Wig Out Festival
The Stems
+ Even + The Cants + The Stoneage Hearts + Dollsquad

Corner Hotel, Richmond
Friday 12 November, 2004


I was looking forward to this gig with eager anticipation. The line-up was stellar, promising more fuzz action in four hours than you'd get if you distilled every lost drop of garage decency from the all the summer rock festivals. For reasons that are largely irrelevant to anyone reading this review (but for any parents out there - suffice to say it involved temper tantrums and projectile vomiting), I was in serious, serious need of some thumping great noise in my ears tonight.

I'd spent the previous few days thrashing the Stoneage Hearts' new CD on my stereo, and the prospect of seeing any of those songs performed live was enough to send shivers down my spine. And ever since I saw the last half of the Cants' support for the Dirtbombs' gig earlier this year, I'd been hanging to see a full set (and The Barman is correct in noting their very positive press south of the Murray River, including from people who generally have opinions worth valuing). I missed the last Stems' reunion shows last year due to a combination of financial and
logistical issues, and I was determined not to make the same mistake again.

With such excitement, things were looking very, very good. But life is cruel. The Melbourne spring weather is a volatile creature, and tonight the heavens opened up and dumped bucketloads of rain across the city. This not only meant I got sopping wet on the three-minute walk to the local tram stop, but also meant that Yarra Trams decided in its infinite wisdom to completely wipe a scheduled tram service from its books. So I spent 45 minutes swearing and muttering (like some deranged 1960s acid casualty wandering the streets of Hamburg waiting for a Beatles reunion show) before finally a tram arrived. You try to do the right thing and utilise public transport, and this is how you’re rewarded.

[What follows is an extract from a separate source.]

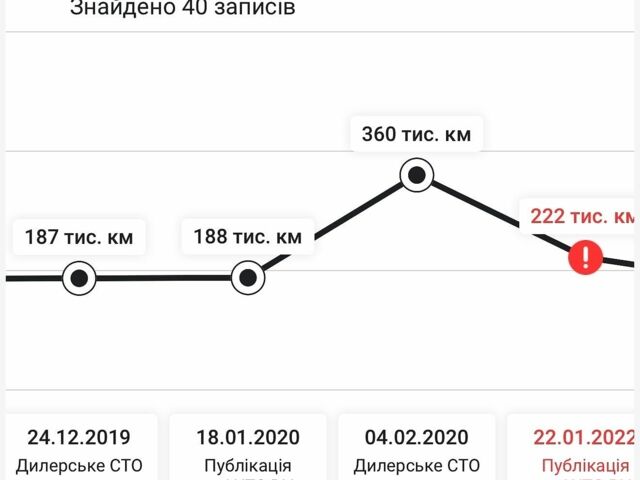 Белый Ленд Ровер Рендж Ровер Спорт, объемом двигателя 3 л и пробегом 270 тыс. км за 13350 $, фото 16 на Automoto.ua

By the time I got to the Corner Hotel it was 10.15, and Dollsquad had finished (damn), the Cants had played (bugger) and The Stoneage Hearts were concluding what was by all reports a powerful near-debut show (fuck, fuck, fuck). At this moment I felt sure I was condemned to go to garage hell (where the soundtrack is Pat Boone and Michael Bolton trading Sonics' covers), so I sought out Mickster Stoneage and offered not only my profuse apologies, but also to sweep the floors of the Off The Hip store as some small pissweak compensation. In the end we settled on the purchase of some merchandise and a year probation

Somewhere else I have written my very positive impressions of the "Guilty as Sin" album, and I reckon it must be physically impossible for any live set containing any songs off that album to be anything other than superb, and a fitting tribute to the world of fuzz boxes, wah wah pedals and garage pop sensibilities. So I'm prepared to go on record and say The Stoneage Hearts rocked like nothing else on the night.

Even were next on the bill. My first taste of Even was at the Meredith festival in the late 1990s, when their cover of Fleetwood Mac's "Don't Stop" caused me to realise that beneath the gratuitous cocaine laced production lies the beating heart of a very good pop song.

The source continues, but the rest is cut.